#### WORK TO COMPLETE
Could you filter the records below and return each line that holds "wallpaper"?

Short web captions

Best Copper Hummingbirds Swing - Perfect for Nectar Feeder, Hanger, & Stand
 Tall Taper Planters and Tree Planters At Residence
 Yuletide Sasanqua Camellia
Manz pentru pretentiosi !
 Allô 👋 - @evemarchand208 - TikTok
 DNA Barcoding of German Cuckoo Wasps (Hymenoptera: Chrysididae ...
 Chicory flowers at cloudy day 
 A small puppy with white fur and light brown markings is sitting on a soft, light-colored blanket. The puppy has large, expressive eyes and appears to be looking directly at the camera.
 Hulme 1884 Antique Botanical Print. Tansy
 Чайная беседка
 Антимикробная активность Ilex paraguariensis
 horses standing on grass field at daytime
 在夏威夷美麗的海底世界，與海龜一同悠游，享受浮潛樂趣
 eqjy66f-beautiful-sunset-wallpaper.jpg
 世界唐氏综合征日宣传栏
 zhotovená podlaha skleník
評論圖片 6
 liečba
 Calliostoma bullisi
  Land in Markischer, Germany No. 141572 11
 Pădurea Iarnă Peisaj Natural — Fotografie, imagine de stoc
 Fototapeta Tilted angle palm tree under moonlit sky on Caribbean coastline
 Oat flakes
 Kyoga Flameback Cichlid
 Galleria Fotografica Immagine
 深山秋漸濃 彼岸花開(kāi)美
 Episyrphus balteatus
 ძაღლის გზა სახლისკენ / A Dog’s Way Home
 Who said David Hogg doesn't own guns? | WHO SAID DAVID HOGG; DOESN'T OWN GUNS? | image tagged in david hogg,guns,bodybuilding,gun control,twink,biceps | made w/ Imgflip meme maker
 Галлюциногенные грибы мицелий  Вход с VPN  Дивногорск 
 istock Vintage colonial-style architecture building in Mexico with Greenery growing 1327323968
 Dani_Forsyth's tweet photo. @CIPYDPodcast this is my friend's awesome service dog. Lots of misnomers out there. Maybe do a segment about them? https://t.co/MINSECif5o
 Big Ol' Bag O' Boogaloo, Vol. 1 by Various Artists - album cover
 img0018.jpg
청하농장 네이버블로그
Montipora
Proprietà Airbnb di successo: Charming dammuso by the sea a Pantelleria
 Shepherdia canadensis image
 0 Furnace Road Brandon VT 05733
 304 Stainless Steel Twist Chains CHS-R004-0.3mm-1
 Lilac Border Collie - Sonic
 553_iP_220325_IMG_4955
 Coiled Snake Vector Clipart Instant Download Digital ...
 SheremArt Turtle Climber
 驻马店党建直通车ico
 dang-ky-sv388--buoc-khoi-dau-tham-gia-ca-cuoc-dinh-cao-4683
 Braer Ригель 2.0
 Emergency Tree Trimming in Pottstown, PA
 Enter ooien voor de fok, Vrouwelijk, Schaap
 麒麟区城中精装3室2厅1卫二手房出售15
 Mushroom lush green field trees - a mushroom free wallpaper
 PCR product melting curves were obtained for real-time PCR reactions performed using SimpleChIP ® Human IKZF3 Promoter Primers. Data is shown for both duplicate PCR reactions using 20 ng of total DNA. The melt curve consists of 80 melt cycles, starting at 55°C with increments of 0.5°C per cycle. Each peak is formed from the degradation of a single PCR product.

#### SOLUTION FOR THIS EXERCISE
 eqjy66f-beautiful-sunset-wallpaper.jpg
 Mushroom lush green field trees - a mushroom free wallpaper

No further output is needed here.